Your objective: Your answer must be the records below, repeated exactly, with every picture left out.

[Input material]

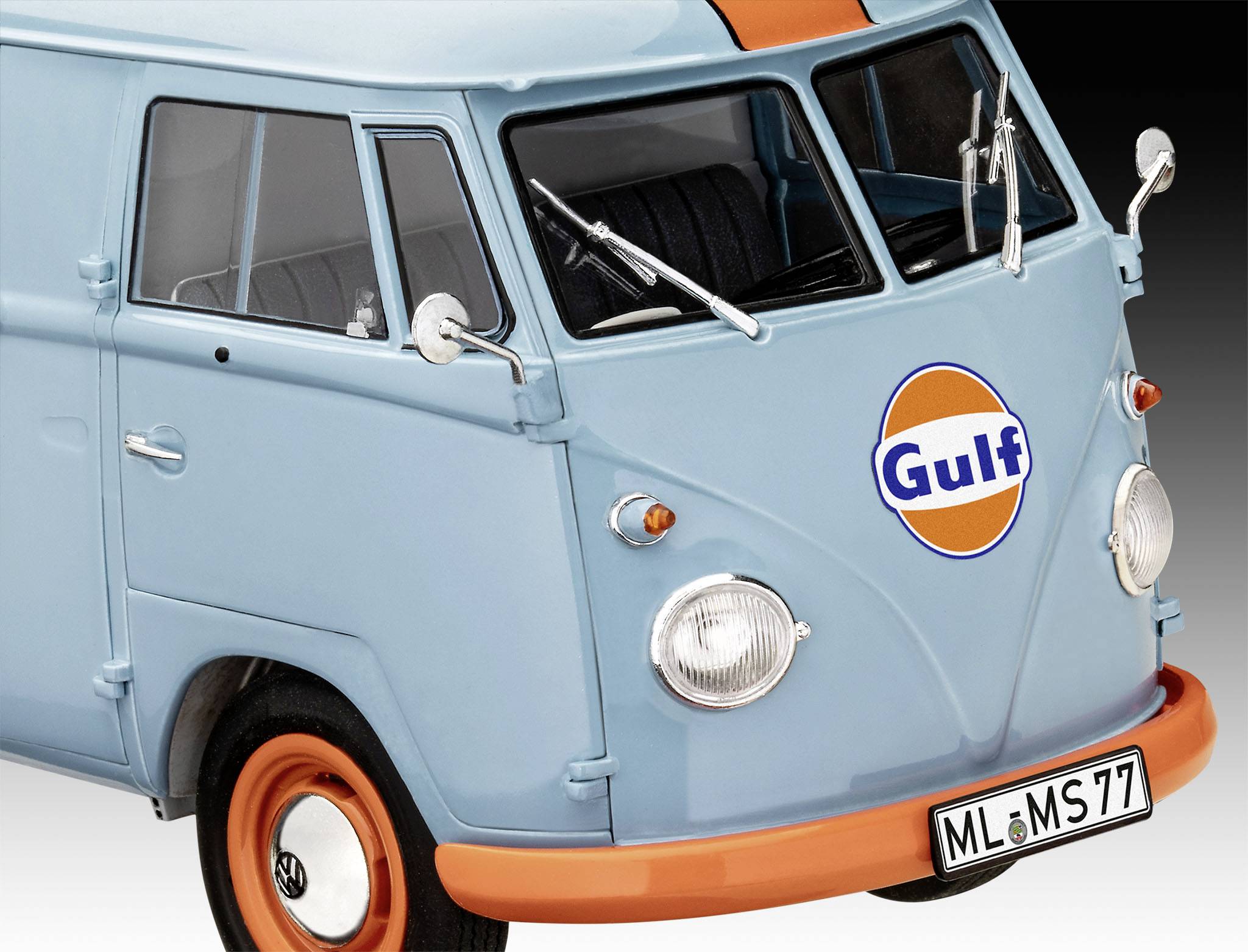 A light blue VW camper van with a 'Gulf' logo and orange stripes and wheels sits against a neutral background.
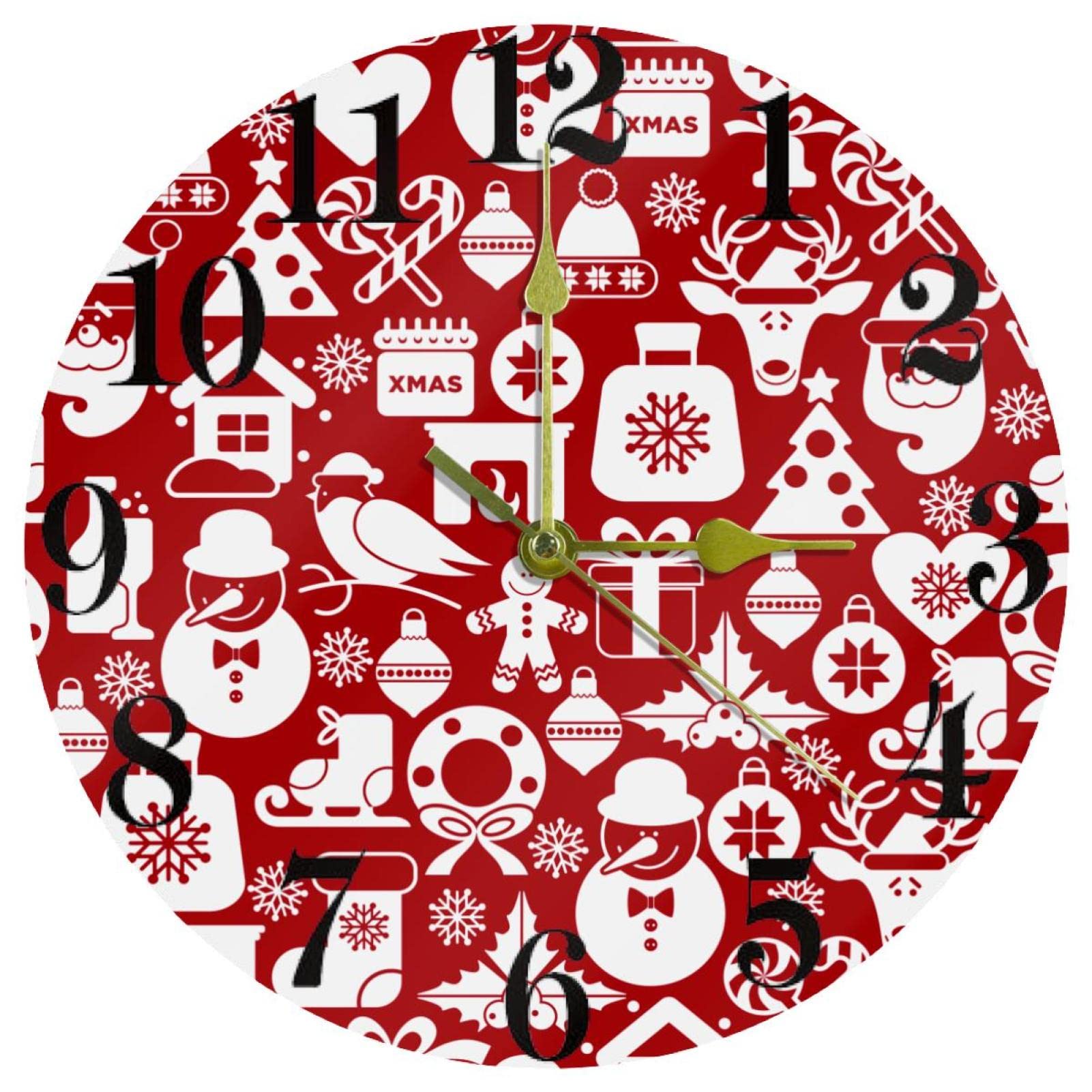 Horloge murale ronde de Noël sans tic-tac 25,4 cm pour école et maison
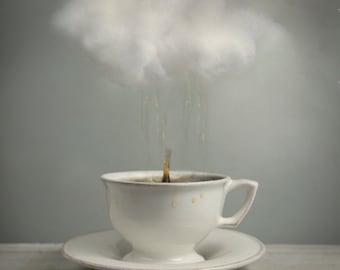 Raining Tea - Free US Shipping - Cloud Teacup - Small Photo Print - Conceptual Still Life - White Blue - Wall Art - Fine Art Photography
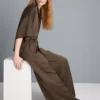 Textured straight-leg satin pants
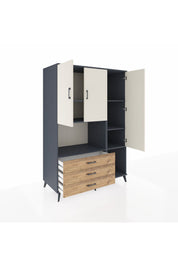 Kronos Dolap 6 Raflı 3 Çekmeceli 3 Kapaklı 132x59x195 Antrasit-Aytaşı/Çam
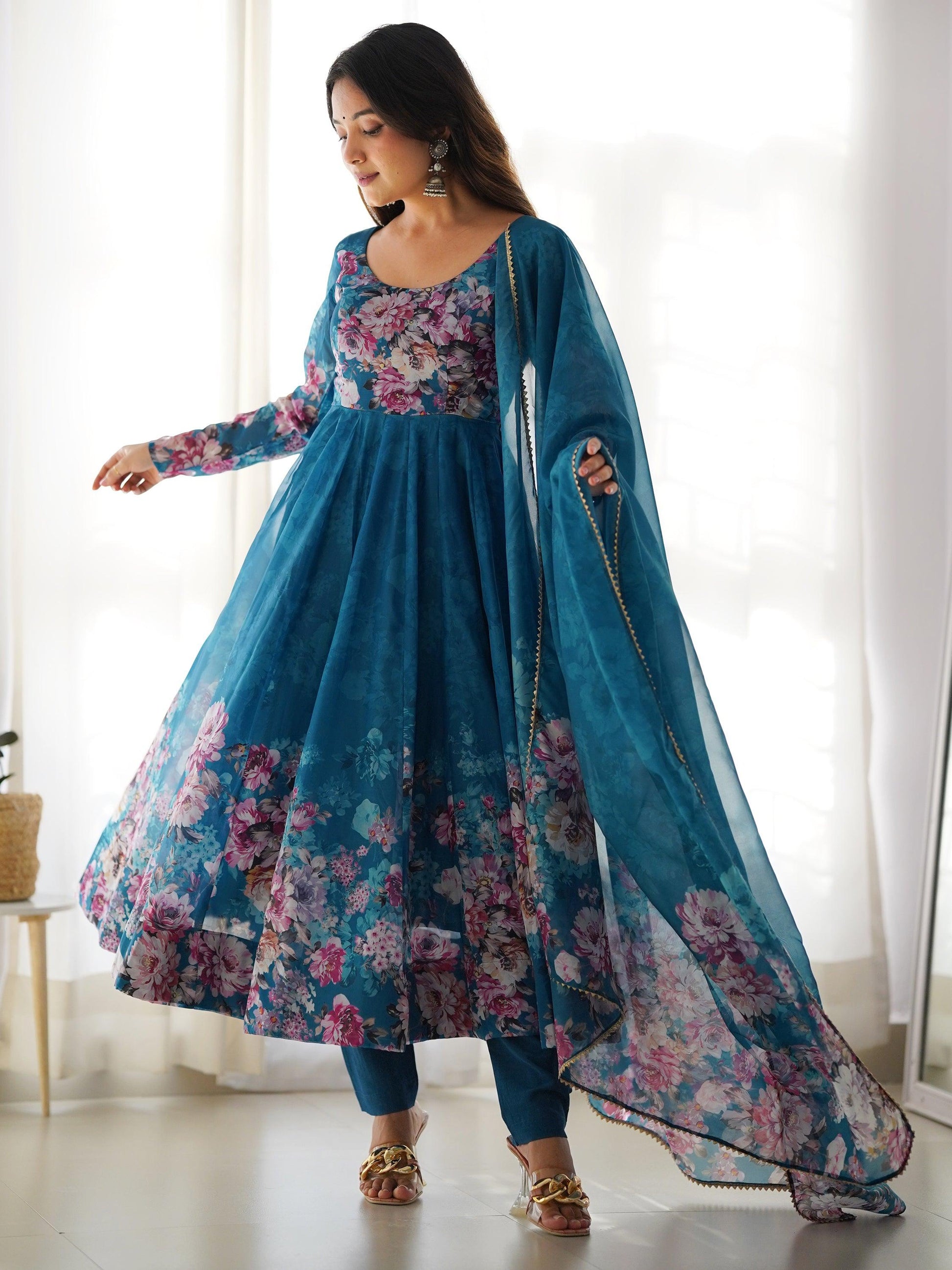 Charming Blue Floral Printed Organza Festival Wear Anarkali Suit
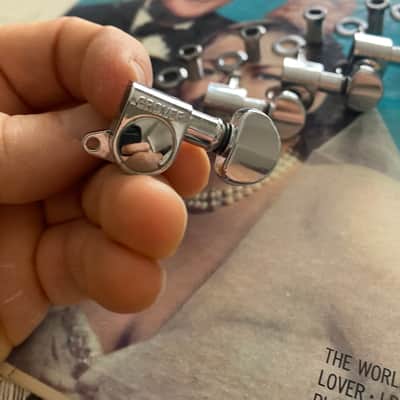 1980s Grover 205C6 Mini Rotomatic Chrome 6-Inline Tuners (w/Bushings, Washers & Screws) image 3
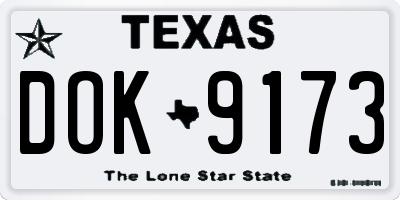 TX license plate DOK9173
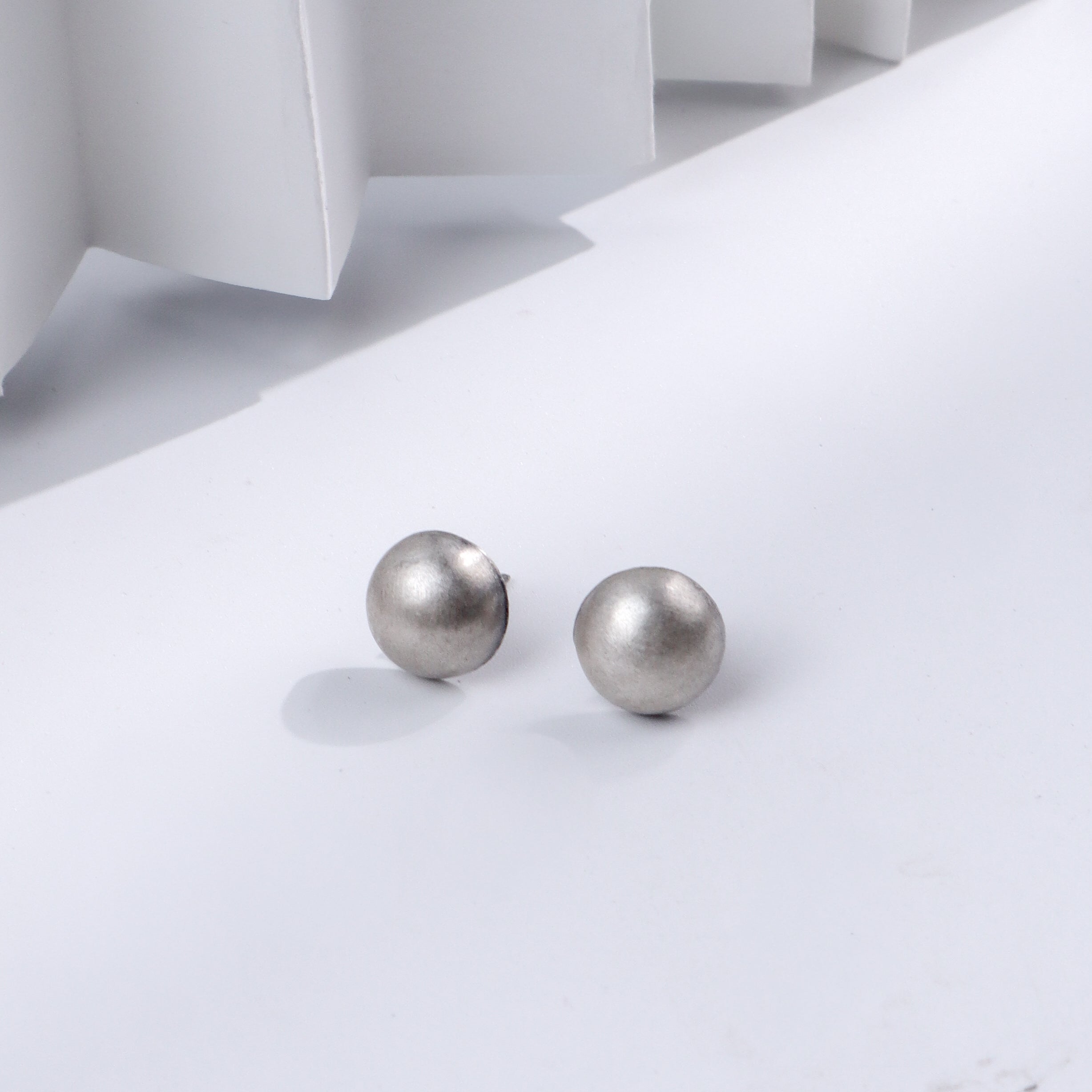 Small Dome Silver Earrings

[/Input material]

The completed task:
 A light blue VW camper van with a 'Gulf' logo and orange stripes and wheels sits against a neutral background.
 Horloge murale ronde de Noël sans tic-tac 25,4 cm pour école et maison
 Raining Tea - Free US Shipping - Cloud Teacup - Small Photo Print - Conceptual Still Life - White Blue - Wall Art - Fine Art Photography
 Textured straight-leg satin pants
 Kronos Dolap 6 Raflı 3 Çekmeceli 3 Kapaklı 132x59x195 Antrasit-Aytaşı/Çam
 Charming Blue Floral Printed Organza Festival Wear Anarkali Suit
 1980s Grover 205C6 Mini Rotomatic Chrome 6-Inline Tuners (w/Bushings, Washers & Screws) image 3
 TX license plate DOK9173
 Small Dome Silver Earrings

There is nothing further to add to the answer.